Re: [PATCH 3/3] mailbox: apple: Add driver for Apple mailboxes

From: Alyssa Rosenzweig
Date: Tue Sep 07 2021 - 17:07:03 EST


> > > + * Both the main CPU and the co-processor see the same set of registers but
> > > + * the first FIFO (A2I) is always used to transfer messages from the application
> > > + * processor (us) to the I/O processor and the second one (I2A) for the
> > > + * other direction.
> >
> > Do we actually know what the copro sees? It seems obvious, but *know*?
>
> Yes, I know. They see the exact same set of registers. I wouldn't have written
> it like that otherwise.

Ack.

> > > +struct apple_mbox {
> > > + void __iomem *regs;
> > > + const struct apple_mbox_hw *hw;
> > > + ...
> > > +};
> >
> > This requires a lot of pointer chasing to send/receive messages. Will
> > this become a perf issue in any case? It'd be good to get ballparks on
> > how often these mboxes are used. (For DCP, it doesn't matter, only a few
> > hundred messages per second. Other copros may have different behaviour)
>
> If this actually becomes a problem I'm happy to fix it but right now
> this feels like premature optimization to me. DCP is going to be the
> worst offender followed by SMC (at most a few per second when it's really
> busy during boot time) and SEP (I've also never seen more than a few per
> second here). The rest of them are mostly quiet after they have booted.

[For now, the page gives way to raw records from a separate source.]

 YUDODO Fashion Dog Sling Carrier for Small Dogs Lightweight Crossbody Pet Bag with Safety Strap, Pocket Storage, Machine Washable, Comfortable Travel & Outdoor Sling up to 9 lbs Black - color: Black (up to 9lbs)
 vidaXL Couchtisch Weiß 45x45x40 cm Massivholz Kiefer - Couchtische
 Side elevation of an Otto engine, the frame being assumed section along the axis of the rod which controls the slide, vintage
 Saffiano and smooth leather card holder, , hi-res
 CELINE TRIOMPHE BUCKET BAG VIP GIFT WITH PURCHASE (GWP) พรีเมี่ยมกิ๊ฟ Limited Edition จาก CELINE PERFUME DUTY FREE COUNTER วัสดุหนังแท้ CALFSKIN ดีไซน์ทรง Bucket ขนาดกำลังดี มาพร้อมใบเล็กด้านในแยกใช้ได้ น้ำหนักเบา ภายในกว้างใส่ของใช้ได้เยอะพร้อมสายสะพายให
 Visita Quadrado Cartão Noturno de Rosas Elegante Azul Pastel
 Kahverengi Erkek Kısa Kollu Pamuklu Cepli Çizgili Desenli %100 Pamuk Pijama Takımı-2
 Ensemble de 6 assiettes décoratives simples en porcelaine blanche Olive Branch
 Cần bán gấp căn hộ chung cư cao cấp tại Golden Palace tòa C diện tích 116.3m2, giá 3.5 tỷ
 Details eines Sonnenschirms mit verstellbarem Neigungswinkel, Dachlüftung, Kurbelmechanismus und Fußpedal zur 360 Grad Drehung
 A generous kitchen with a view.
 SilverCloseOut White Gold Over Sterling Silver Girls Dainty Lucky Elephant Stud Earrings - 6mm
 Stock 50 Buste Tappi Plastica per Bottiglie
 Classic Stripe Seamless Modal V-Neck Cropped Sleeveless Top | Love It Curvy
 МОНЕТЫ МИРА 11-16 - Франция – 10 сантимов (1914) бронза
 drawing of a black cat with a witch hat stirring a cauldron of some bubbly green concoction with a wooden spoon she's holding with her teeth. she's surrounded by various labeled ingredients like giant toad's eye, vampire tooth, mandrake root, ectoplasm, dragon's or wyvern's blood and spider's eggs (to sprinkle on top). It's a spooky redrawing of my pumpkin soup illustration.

Good enough for me -- it won't matter for DCP, so if it doesn't get any
worse than DCP there's no point in optimizing this.

> > > +static bool apple_mbox_hw_can_send(struct apple_mbox *apple_mbox)
> > > +{
> > > + u32 mbox_ctrl =
> > > + readl_relaxed(apple_mbox->regs + apple_mbox->hw->a2i_control);
> > > +
> > > + return !(mbox_ctrl & apple_mbox->hw->control_full);
> > > +}
> >
> > If you do the pointer chasing, I suspect you want accessor
> > functions/macros at least to make it less intrusive...
>
> There's regmap but that can't easily be used here because I need 32bit
> and 64bit writes. I also don't really see the advantage of replacing
> this with some custom functions like e.g.
>
> mbox_ctrl = apple_mbox_hw_readl(apple_mbox, apple_mbox->hw->a2i_control);
>
> which is almost as long. And if I introduce a separate function just to read the
> control reg this just becomes a lot of boilerplate and harder to follow.
>
> Or did you have anything else in mind?

I was envisioning a macro:

> #define apple_mbox_readl(mbox, name) \
> readl_relaxed(mbox->regs + mbox->hw-> ## name)
>
> mbox_ctrl = apple_mbox_readl(apple_mbox, a2i_control);

Now that I've typed it out, however, it seems a bit too magical to
justify the minor space savings. And given you need both 32b and 64b
there would be ~4 such macros which is also a lot of boilerplate.

It's not a huge deal either way but I thought I'd raise it.

> > > + dev_dbg(apple_mbox->dev, "> TX %016llx %08x\n", msg->msg0, msg->msg1);
> >
> > Isn't "TX" redundant here?
>
> Sure, but it also doesn't hurt in a debug message. I can spot the TX easier
> but I'm sure there are people who prefer >.

Fair enough.

> > > + dev_dbg(apple_mbox->dev, "got FIFO empty IRQ\n");
> >
> > I realize it's a dev_dbg but this still seems unnecessarily noisy.
>
> This code path is almost never reached. I've only been able to trigger
> it by forcing send_message to return EBUSY even when it could still
> move messages to the FIFO to test this path.
> This also can't be triggered more often than the TX debug message.
> If this triggers more often there's a bug somewhere that kept the interrupt
> enabled and then the whole machine will hang due an interrupt storm anyway. In
> that case I'd prefer to have this as noisy as possible.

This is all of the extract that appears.